Archive for the ‘Relationships’ Category

Marriage as spiritual adventure

Monday, April 19th, 2010

So, what did I end up telling the newlyweds? Here it is. I addressed them specifically, but I’ve left there names out here.

To fall in love is to project the best part of ourselves and even our longings for God on another person. When we do, that person becomes the bearer of everything we long for and consider holy. But that is the experience of love from one end of the pendulum’s swing left and right. When the reality of the other sets in, love can turn to disillusionment. No life experience can be more trying, unless we learn to love the other person as they truly are.

This is the profound psychological and spiritual reality that lies behind the theology of the readings that we have heard tonight —- readings that explore the divine origins of love; the enduring character that should mark that love; and the rich dimensions of love between a husband and a wife.

The occasional difficulties that we experience in distinguishing between the projections and the realities, as well as the process of growth that it requires, should not concern you. Oh, to be sure, you will make mistakes. You will expect more of one another than you should. You will want another to meet needs that you cannot satisfy. And, from time to time, you will fail to love one another as you should.

But these are not the mistakes made by climbers living on the edge of a precipice, where the slightest miscalculation could lead to disaster. These are the mistakes we make living “on the border of the Holy.” The mistakes made in wonder and joy. The process of finding balance, stepping gently, and offering a hand to the one we love as we climb together is a part of the adventure.

And herein lies the key to enduring relationships. Love is not simply a matter of emotion and still less simply a matter of fulfilling needs. At its heart love is the nurture of wisdom, the shaping of a life narrative in which we embrace one another in gentleness and care; listen deeply; and nurture one another into the presence of God.

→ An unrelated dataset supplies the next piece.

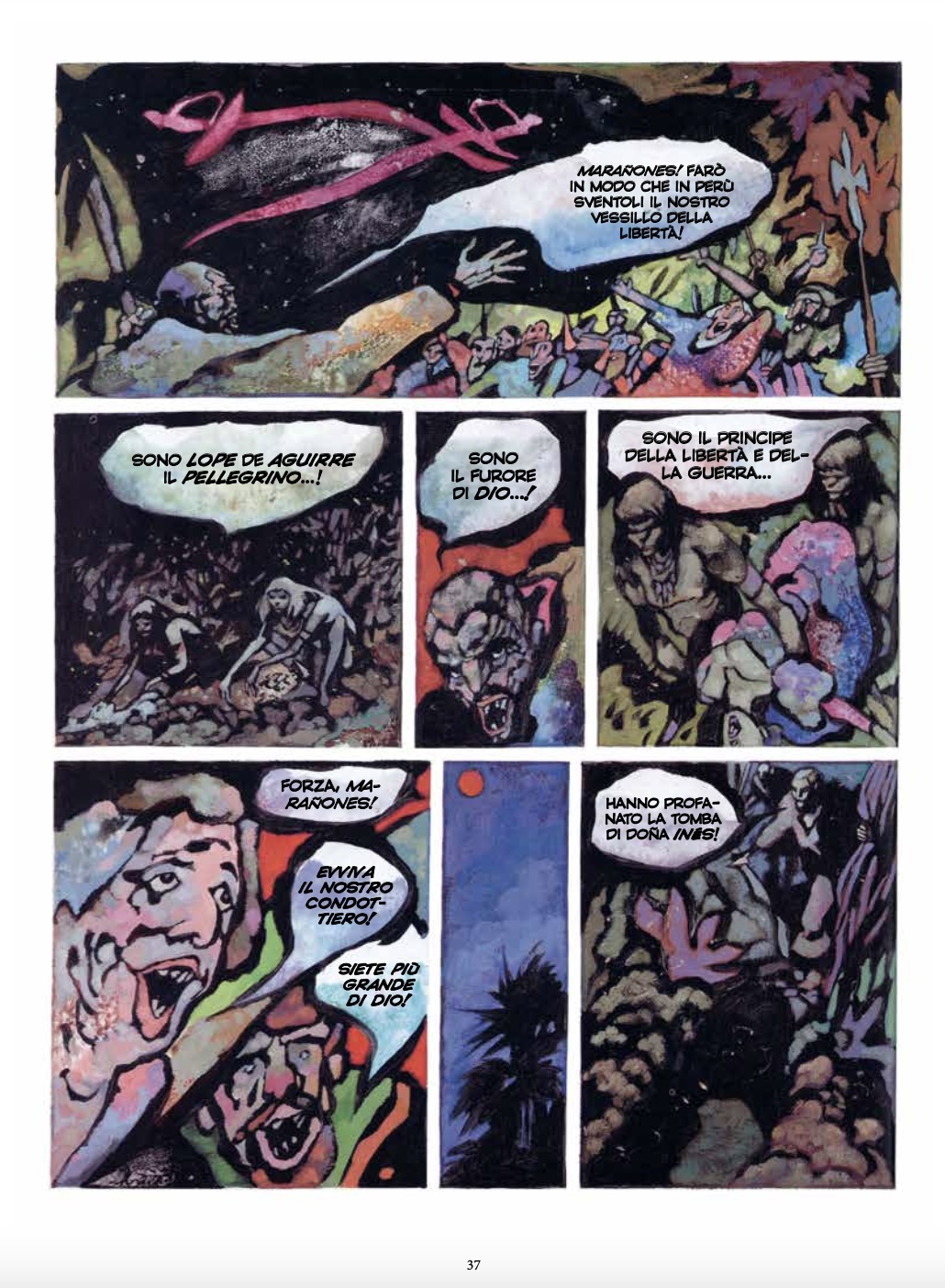 Nicola Pesce Alberto Breccia El Dorado graphic novel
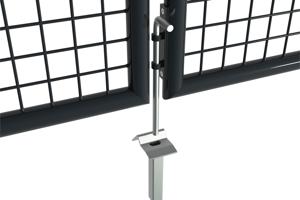 Portail grillagé OLGA 300x200cm gris 11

It is the merciful transformation of two lives as they learn more about one another and their God. We start by projecting those golden characteristics upon the one we love, because we know that we need more.

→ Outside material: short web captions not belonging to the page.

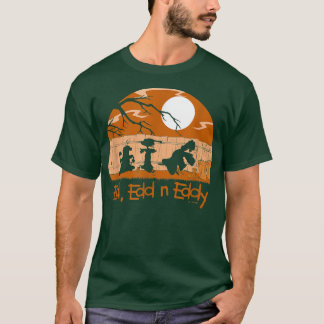 Ed, Edd n Eddy Haunted Sunset Silhouette Group  T-Shirt
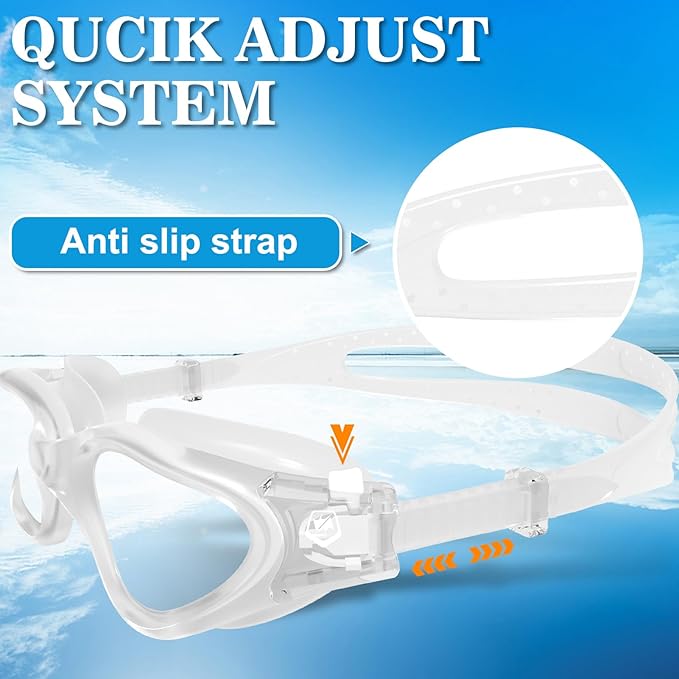 WIN.MAX Polarized Swimming Goggles Swim Pool Goggles Anti Fog Anti UV No Leakage Clear Vision for Men Women Adults Teenagers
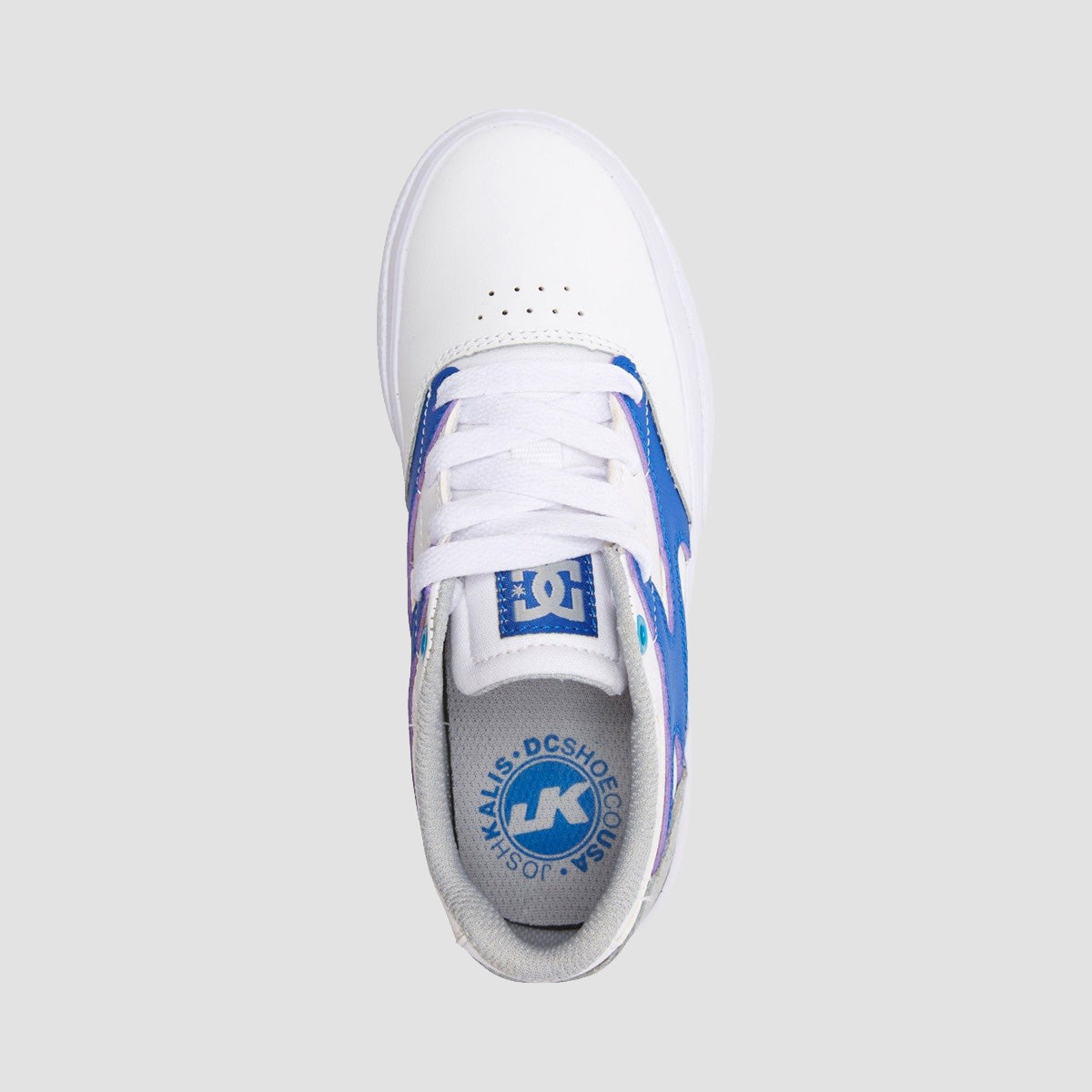 DC Kalis Vulc Shoes - White/Royal - Kids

So, these are days of great beginnings: of new-found companionship; the adventure of shaping a shared identity; the joy of creating memories that only the two of you will share. The only greater days are the days when you will find yourselves fully in the presence of God. Along the way you will glimpse the possibility. Yes, you will see one another in a more human light, but that seeing will be grounded in God’s greater love for you both and in the wisdom that only God can give.

God’s keeping, dear friends.

(The opening observation is paraphrased from the work of Robert Johnson, though I have made a similar observation over the years.)

Hell is other people, sometimes

Tuesday, March 9th, 2010

Famously, Jean-Paul Sartre declared that “Hell is other people.” The observation, which is made in a play called “No Exit,” portrays the conversation between three people who are isolated in a room by a valet who accompanies them there. They expect to be tortured or punished for the lives that they have led, but instead they discover that they are there to torment one another and they do. When one of them cries out, the door is opened, but none of them avail themselves of the opportunity to leave.

An existentialist and an atheist, Sartre believed that the only way in which we could define ourselves was in a masochistic desire to be limited by encounters with others. Small wonder he thought other people were hell.

In the Christian tradition, people can certainly be hell. But that’s not what God intends. The best of God-given relationships are those that nurture our growth in God.

Not all friendships are capable of doing that, of course. They vary in their depth and length of connection. They vary in the extent to which they allow for self-disclosure and meaningful conversation. But to the extent that they nurture God’s presence, they can be a bit of heaven.

Find and nurture that kind of friendship. Be that kind of friend.